Cash buyers are propping up the market.

I have discovered a little secret – The Council of Mortgage lenders has recorded the three month rolling average of the share of property sales made to cash buyers – since April 2005. The results (click here) confirm that typically around 27,000 residential transactions each month involve buyers who don’t take out a mortgage. These may be older people trading down, people buying with the proceeds of a divorce settlement perhaps or even lottery winners!

This monthly total has remained pretty constant over the past six years with a modest spread peaking in December 2006 at 39,780 and just 18,000 in January 2009.

What is perhaps more interesting is that whilst the number of cash buyers has remained pretty constant each month, the proportion of the total number of sales that they represent has not. Over the past six years roughly 28% of all sales each month have been to cash buyers but this increased dramatically during last year to peak in January this year at a whopping 40%!
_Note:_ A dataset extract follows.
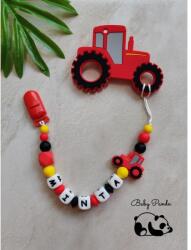 Baby Panda Névre szóló rágcsalánc - Traktor - piros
Most cash buyers make no checks on the price they pay for a home. Whilst a mortgage valuation is done for the benefit of the lender, at least someone taking out a mortgage gets their negotiating skills checked to ensure that the loan-to-value is based on a real value and not on some absurd price negotiated by a widow in her 60’s who has never bought a house before.

Cash buyers are now almost all there is propping up house prices and buyers who need mortgage finance are finding it harder and harder to participate. We are unlikely to see a material change to this until either lenders become more generous with their terms, raise the loan-to-value ratio or the the multiple of income they will advance or unless house prices fall. There seems little prospect of banks relaxing their terms which leaves prices as the only variable. Even the banks think that it will be house prices that suffer with Halifax in February predicting a modest fall by the end of the year.